-- Opening Marker --
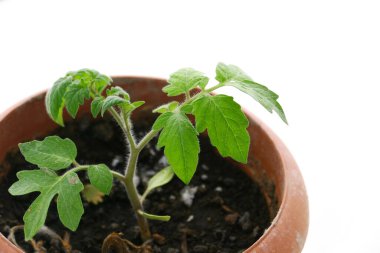 Domates filizini kapayın ve beyaz zeminde saksıya ekin.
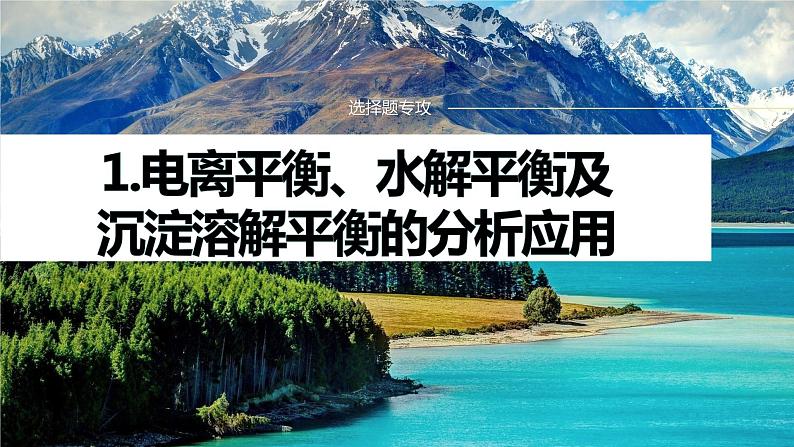 专题六　选择题专攻　1.电离平衡、水解平衡及沉淀溶解平衡的分析应用 课件-2024年高考化学二轮复习第1页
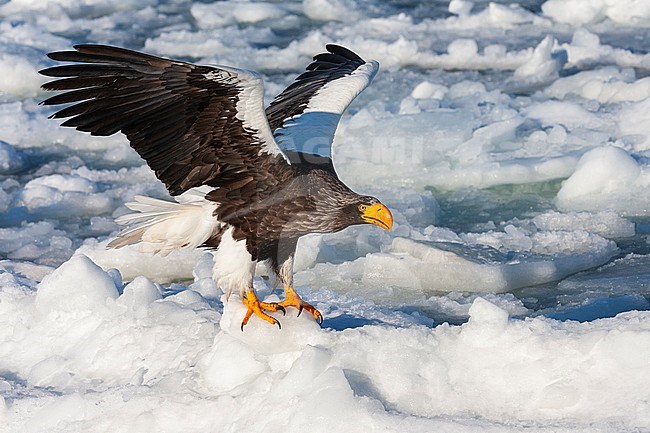 Wintering Steller's Sea Eagle (Haliaeetus pelagicus) on the island Hokkaido in Japan. Adult taking off from floating drift ice of the coast. stock-image by Agami/Marc Guyt,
-- Closing Marker --
→ **WORK INSTRUCTIONS**: Set down the entire material verbatim, with each picture left out.

→ **REPLY**:
 Domates filizini kapayın ve beyaz zeminde saksıya ekin.
 专题六　选择题专攻　1.电离平衡、水解平衡及沉淀溶解平衡的分析应用 课件-2024年高考化学二轮复习第1页
 Wintering Steller's Sea Eagle (Haliaeetus pelagicus) on the island Hokkaido in Japan. Adult taking off from floating drift ice of the coast. stock-image by Agami/Marc Guyt,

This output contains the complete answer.